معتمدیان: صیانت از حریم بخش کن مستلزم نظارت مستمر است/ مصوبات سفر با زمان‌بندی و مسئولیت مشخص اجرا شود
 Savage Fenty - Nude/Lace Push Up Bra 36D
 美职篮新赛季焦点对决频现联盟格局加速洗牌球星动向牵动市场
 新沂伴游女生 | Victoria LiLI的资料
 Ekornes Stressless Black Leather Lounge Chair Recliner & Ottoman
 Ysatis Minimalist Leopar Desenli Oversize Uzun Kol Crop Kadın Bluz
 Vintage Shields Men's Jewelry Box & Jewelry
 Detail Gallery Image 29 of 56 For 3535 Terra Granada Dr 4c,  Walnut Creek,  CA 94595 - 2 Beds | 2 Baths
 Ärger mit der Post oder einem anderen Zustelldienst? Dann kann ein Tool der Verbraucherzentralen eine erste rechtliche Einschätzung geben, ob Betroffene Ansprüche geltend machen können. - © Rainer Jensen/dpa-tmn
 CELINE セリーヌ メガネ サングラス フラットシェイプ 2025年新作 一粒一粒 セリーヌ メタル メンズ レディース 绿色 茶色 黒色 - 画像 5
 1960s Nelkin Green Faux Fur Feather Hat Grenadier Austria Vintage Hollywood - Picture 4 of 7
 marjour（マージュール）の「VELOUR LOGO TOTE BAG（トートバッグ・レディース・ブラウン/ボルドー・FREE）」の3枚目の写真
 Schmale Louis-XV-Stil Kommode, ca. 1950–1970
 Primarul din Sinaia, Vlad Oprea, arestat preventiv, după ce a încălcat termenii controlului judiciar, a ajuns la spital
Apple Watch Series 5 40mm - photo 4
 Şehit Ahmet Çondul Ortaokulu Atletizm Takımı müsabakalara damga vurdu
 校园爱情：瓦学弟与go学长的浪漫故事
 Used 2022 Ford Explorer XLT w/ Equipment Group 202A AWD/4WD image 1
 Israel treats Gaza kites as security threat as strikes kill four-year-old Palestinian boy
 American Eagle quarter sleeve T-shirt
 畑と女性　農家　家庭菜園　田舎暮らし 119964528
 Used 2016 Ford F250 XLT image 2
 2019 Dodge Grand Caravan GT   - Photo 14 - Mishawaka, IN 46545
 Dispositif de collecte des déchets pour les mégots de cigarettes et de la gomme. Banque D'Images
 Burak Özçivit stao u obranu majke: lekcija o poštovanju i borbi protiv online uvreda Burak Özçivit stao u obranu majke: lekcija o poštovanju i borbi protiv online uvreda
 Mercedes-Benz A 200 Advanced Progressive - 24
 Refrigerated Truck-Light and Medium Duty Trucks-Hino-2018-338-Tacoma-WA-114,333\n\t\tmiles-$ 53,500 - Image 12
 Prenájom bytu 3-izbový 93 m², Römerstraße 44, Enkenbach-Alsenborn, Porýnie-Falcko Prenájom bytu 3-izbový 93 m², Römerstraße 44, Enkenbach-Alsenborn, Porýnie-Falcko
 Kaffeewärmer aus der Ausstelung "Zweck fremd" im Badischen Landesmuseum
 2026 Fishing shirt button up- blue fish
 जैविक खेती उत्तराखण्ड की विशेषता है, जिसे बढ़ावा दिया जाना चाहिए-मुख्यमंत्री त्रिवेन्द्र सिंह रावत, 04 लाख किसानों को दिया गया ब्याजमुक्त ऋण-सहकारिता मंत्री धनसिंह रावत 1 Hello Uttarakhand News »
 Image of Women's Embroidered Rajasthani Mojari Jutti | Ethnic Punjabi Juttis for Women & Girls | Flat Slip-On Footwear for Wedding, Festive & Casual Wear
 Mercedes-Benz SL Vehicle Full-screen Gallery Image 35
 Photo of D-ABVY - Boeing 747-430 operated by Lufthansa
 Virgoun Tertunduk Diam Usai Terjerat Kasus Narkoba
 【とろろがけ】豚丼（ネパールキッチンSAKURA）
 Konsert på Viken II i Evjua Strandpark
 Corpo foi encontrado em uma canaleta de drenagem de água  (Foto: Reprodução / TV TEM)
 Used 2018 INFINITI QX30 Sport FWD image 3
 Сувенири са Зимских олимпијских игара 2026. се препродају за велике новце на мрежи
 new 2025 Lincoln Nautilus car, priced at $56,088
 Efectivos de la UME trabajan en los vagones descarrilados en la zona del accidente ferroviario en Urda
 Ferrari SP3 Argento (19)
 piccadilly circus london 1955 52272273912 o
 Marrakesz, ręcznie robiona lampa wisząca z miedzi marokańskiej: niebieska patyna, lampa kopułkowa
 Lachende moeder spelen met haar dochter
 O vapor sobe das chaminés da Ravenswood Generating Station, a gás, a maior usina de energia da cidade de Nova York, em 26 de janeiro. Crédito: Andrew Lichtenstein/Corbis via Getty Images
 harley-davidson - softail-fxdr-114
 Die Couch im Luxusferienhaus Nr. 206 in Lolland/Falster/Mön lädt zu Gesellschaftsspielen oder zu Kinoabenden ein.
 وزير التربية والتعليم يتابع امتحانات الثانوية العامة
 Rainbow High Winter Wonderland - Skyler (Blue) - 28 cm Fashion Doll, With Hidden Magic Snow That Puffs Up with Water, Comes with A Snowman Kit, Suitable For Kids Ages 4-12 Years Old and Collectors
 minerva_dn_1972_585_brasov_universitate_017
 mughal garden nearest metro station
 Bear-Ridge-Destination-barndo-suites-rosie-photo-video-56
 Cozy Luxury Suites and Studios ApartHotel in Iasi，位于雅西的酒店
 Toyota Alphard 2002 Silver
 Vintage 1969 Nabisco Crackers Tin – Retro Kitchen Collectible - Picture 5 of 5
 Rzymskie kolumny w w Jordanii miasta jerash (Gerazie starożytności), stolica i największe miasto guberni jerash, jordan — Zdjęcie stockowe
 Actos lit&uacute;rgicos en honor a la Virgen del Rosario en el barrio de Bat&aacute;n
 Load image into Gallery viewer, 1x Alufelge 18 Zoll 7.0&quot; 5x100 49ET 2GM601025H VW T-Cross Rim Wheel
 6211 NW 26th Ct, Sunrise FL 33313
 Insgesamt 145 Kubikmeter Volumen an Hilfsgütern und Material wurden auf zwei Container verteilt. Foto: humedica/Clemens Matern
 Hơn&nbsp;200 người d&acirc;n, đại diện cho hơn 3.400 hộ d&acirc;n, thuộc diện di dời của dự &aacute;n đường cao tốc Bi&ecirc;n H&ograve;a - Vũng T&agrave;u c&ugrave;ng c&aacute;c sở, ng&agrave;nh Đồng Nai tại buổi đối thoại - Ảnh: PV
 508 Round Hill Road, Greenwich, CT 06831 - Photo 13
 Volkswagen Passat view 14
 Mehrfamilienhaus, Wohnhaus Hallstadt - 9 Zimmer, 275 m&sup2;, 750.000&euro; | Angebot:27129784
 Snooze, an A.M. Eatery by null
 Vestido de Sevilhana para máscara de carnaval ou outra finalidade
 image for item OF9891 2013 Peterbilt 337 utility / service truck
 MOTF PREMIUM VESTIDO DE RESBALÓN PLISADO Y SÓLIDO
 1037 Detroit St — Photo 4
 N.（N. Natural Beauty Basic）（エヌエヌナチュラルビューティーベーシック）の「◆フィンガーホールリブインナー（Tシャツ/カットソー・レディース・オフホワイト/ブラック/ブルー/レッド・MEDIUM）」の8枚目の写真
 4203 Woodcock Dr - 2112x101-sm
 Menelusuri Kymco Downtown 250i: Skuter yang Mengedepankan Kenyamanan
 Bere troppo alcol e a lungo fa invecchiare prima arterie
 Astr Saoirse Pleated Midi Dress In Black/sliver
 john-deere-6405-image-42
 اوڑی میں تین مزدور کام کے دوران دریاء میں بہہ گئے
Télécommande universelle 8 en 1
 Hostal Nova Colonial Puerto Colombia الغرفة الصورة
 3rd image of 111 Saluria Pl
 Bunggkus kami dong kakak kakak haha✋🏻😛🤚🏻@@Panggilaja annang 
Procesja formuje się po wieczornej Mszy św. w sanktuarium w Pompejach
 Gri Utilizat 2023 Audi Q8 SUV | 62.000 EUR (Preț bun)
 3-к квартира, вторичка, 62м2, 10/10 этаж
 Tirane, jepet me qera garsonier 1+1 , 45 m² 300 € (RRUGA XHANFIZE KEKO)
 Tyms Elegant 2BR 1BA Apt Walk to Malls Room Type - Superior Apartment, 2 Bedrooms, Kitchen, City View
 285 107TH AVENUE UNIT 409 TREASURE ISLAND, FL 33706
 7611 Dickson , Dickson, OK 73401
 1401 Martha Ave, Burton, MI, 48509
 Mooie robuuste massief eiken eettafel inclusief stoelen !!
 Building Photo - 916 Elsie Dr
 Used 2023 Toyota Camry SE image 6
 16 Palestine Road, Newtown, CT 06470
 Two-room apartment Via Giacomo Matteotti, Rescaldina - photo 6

### [What is required]
Search the records above for the word "shirt" and give the number of lines where it occurs, nothing else.

### [Written reply]
2